__Activity__: Exclude all pictures, then write out exactly the lines below from the first one through the line with "Gray Abstract Viscose".

__Data segment__:
· · ·

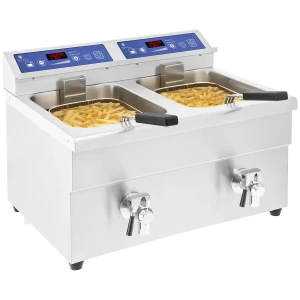 Indukčná fritéza - 2 x 10 l - 2 x 3500 W - vypúšťací kohútik - časovač - Royal Catering 10010343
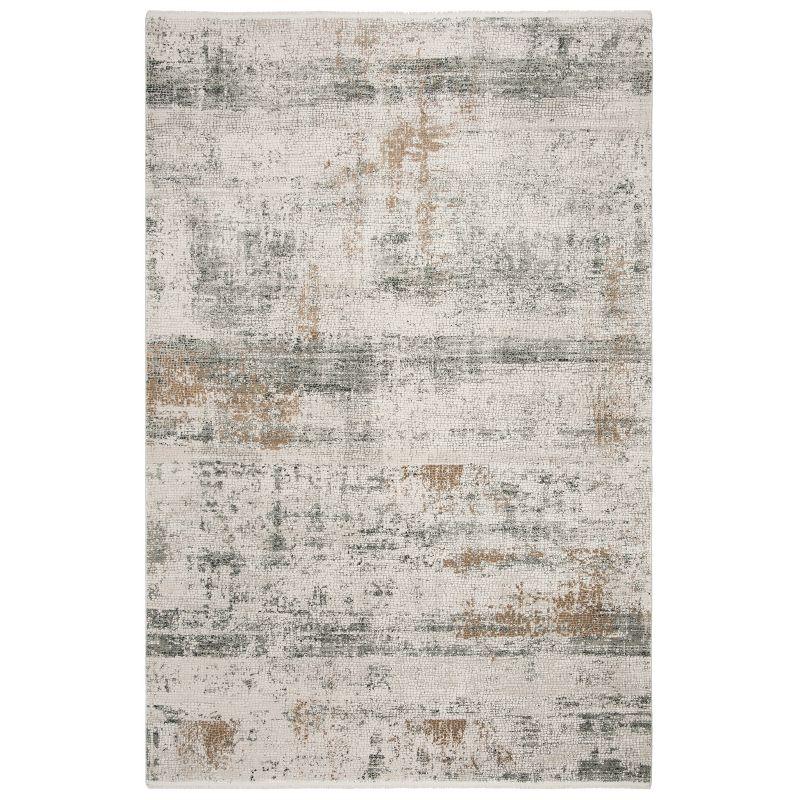 Gray Abstract Viscose Rug with Fringe 5'1" x 7'6"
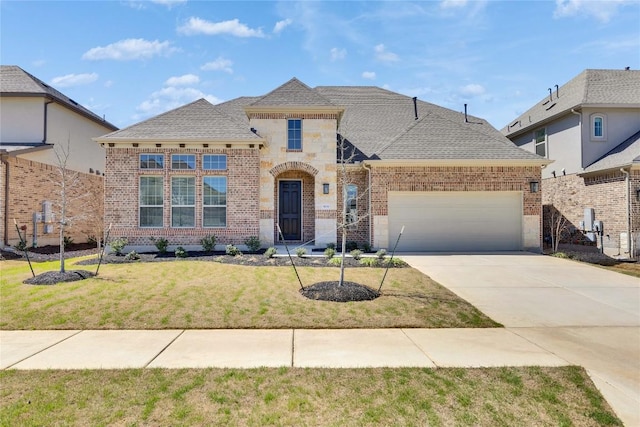 french country style house with driveway, stone siding, a front yard, an attached garage, and brick siding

· · ·

__Task answer__:
 Indukčná fritéza - 2 x 10 l - 2 x 3500 W - vypúšťací kohútik - časovač - Royal Catering 10010343
 Gray Abstract Viscose Rug with Fringe 5'1" x 7'6"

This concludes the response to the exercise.